While all other states currently have varying gold royalty systems in place, Mr Sorahan said this was not a good enough reason to impose one in Victoria since it “ignores the unique characteristics of gold mining” in the state.
“Royalty regimes are designed differently in each state to encourage development of a state’s mineral resource for the benefit of the community, including different royalty rates, depreciation arrangements, exemptions and other features,” he said.
In Western Australia, the royalty rate for gold is still only 2.5% despite the state having a significantly larger gold industry than Victoria.
But, in South Australia the rate is 3.5% and in Queensland, it ranges between 2.5-5% depending on average prices.
Meanwhile in New South Wales, the rate is calculated as 4% of the ex-mine value of production (the value less allowable deductions).

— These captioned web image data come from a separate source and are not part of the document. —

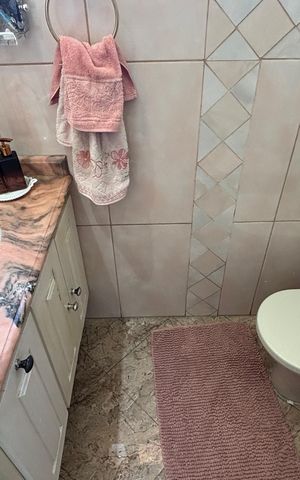 Apartamento à venda com 155m², 3 quartos e 3 vagas Apartamento à venda com 155m², 3 quartos e 3 vagasBanheiro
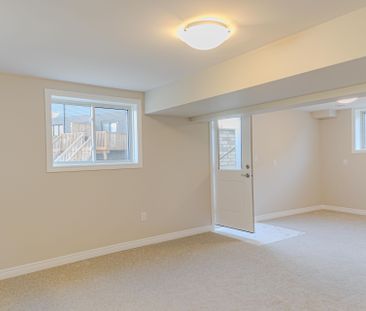 For Lease - 22 Willson Drive, Thorold, Ontario - Photo 2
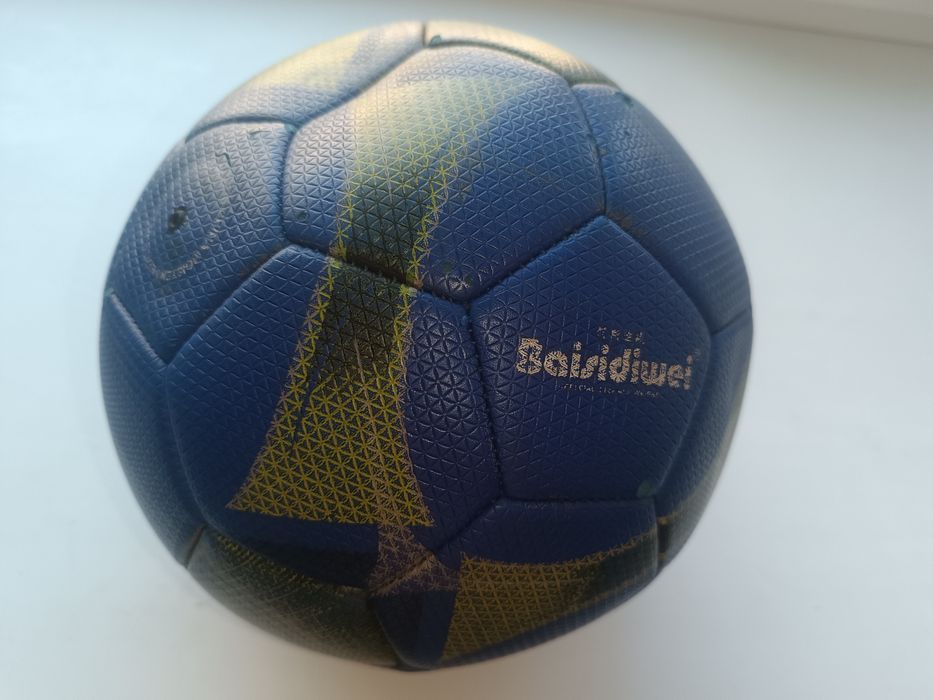 Мяч хороший б/у хороший бренд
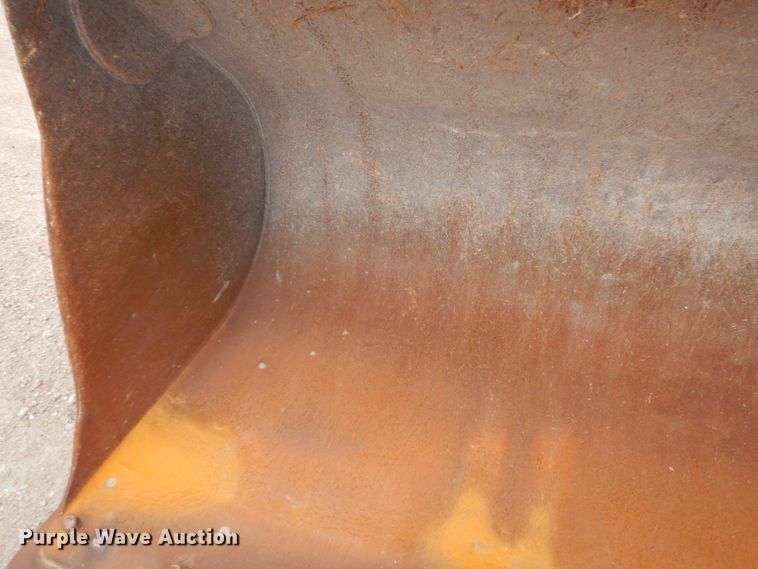 image for item DN7302 2004 Komatsu WA380-5  wheel loader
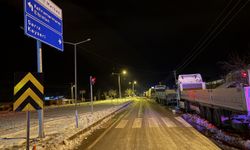 Kar yağışı nedeniyle kapanan Göksun-Kayseri kara yolu ulaşıma açıldı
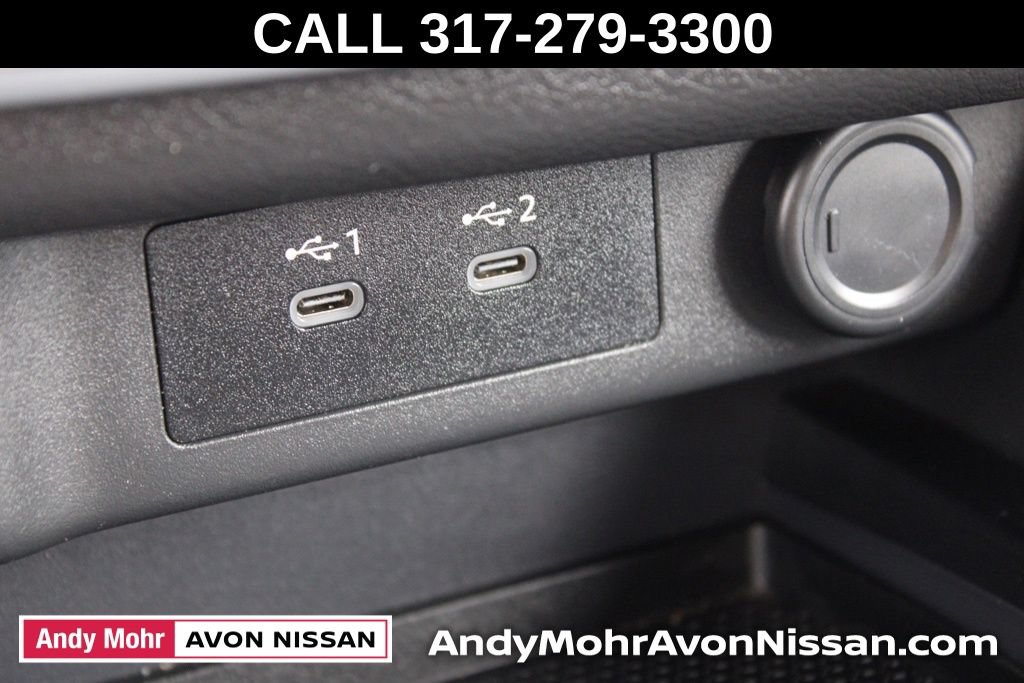 Used 2024 Nissan Rogue SV AWD/4WD image 39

Victorian miners to be affected
Kirkland is the company that would be most affected by the royalty update, with its Fosterville mine being Victoria’s top gold producer.
During the March quarter, the mine produced more than 128,000 ounces of gold and is expected to reach a total output of 600,000oz this year.
In late January, AuStar Gold (ASX: AUL) recommenced mining activities at its Morning Star mine and is currently ramping up production, reporting a record 6.074kg of dore bullion poured from seven production days in April.
Earlier this month, the company announced it was in talks with the administrators of Centennial Mining to potentially takeover the embattled company and its assets including the A1 gold mine, located in the same goldfield (Wood Point-Walhalla) as AuStar’s Morning Star and Rose of Denmark assets.
Toronto-listed Mandalay Resources (TSE: MND) operates the Costerfield gold-antimony mine in central Victoria, which produced 4,105oz of gold during the March 2019 quarter.
In addition, Melbourne-based private company Arete Capital Partners poured its first gold from the rejuvenated Stawell mine in January.
Arete chief executive Campbell Olsen on Monday said he was “shocked and a bit stunned” about the planned royalty rate increase since “there has been no discussion whatsoever”.
“This forces our investors to review everything, we are getting questions from abroad about what is going on and where this has come from. Our international investors thought this was a reasonably consistent jurisdiction but now it looks like WA all over again – it looks like a smash and grab,” he told reporters.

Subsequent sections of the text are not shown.